浜田とアスリートの関係性でいえば、今年2月、イチローが浜田直筆のイラスト入りTシャツを着てキャンプインしたことが話題になった。添えられていたメッセージは「人生は42歳から始まるんやて」。そのメッセージの通り、42歳イチローの今季の活躍はすばらしい。
また、14年には、浜田がMCを務める関西のローカル番組『ごぶごぶ』(毎日放送)にイチローがサプライズ出演。キー局の報道番組であっても、めったに出演することがないイチローがノーギャラ(といわれている)で出演したのも、アスリートを決して腫れ物のように扱わない浜田だからできた偉業といえる。
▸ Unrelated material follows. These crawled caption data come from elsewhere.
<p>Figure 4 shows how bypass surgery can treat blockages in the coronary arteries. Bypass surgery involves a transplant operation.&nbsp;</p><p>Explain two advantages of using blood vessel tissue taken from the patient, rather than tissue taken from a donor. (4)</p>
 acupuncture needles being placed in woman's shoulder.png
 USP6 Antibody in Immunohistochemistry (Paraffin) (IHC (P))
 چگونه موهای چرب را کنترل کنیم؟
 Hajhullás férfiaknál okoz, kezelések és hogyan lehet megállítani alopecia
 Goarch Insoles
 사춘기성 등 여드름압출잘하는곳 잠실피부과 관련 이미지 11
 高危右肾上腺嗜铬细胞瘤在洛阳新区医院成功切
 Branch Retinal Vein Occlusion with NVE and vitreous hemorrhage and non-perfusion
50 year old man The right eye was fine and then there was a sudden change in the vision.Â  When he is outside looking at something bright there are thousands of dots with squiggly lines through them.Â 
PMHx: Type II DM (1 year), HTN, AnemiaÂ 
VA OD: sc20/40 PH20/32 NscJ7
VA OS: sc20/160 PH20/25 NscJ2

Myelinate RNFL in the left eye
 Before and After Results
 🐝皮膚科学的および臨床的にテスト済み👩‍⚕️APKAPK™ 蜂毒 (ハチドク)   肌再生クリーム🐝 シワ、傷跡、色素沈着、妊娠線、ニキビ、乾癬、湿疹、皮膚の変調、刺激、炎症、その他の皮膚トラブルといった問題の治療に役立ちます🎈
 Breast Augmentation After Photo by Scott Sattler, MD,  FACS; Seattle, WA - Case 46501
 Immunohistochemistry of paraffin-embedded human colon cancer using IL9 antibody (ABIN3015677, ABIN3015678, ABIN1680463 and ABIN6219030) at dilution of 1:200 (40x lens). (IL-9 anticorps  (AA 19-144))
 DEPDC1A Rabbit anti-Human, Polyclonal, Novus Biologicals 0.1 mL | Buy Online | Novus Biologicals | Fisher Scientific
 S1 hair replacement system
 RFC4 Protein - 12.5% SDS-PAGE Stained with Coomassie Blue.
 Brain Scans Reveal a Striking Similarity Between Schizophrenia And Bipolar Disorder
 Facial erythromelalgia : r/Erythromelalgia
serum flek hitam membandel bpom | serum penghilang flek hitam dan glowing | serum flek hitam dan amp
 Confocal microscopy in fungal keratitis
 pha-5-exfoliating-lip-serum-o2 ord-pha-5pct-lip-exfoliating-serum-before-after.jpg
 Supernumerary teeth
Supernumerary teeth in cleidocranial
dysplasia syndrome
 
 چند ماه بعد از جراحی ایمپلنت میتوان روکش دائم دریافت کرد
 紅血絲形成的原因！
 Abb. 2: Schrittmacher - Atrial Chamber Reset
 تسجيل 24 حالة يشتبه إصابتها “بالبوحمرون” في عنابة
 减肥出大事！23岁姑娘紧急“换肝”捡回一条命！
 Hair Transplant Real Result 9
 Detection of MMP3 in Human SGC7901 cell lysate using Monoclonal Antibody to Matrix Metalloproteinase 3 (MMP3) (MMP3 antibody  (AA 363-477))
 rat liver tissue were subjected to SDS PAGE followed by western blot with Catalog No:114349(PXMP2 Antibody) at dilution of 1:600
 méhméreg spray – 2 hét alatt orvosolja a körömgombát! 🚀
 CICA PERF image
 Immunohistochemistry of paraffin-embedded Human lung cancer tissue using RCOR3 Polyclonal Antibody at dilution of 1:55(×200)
フジテレビでは『すぽると!』が今年3月に終了し、代わって『スポーツLIFE HERO’S』が始まったが、この番組のコンセプトは「感動」だ。先ほども述べたが、スポーツを感動で訴求するのは、もうおなかいっぱい。だからこそ、『スポーツジャングル』のような番組があることで、アスリートも視聴者もガス抜きができるのだ。
『スポーツジャングル』が『ジャンク』時代と大きく変わった点があるとすれば、制作がスポーツ局からバラエティ制作センターになったこと。チーフプロデューサーは『さんまのお笑い向上委員会』『ホンマでっか!?TV』『ワイドナショー』などを手がける中嶋優一だ。
今のところ、バラエティ制作センターになった利点も弊害も、どちらも見えてきてはいない。中嶋プロデューサーは慶応大学ラグビー部出身として知られているだけに、今後もスポーツへのリスペクトを失わずに番組を続けてほしいと願うばかりだ。
また今後は、『ジャンク』時代同様、「アスリートの奥様」や「スポーツマスコミ」など、よりスポーツのマニアックでコアな部分を取り上げてほしい。なんなら、もっとマニアックでもよい。「スポーツの未知なる世界を探検」と掲げるからには、そこまで突き抜けるべき。浜田がいれば、視聴者もアスリートも迷うことはないはずだ。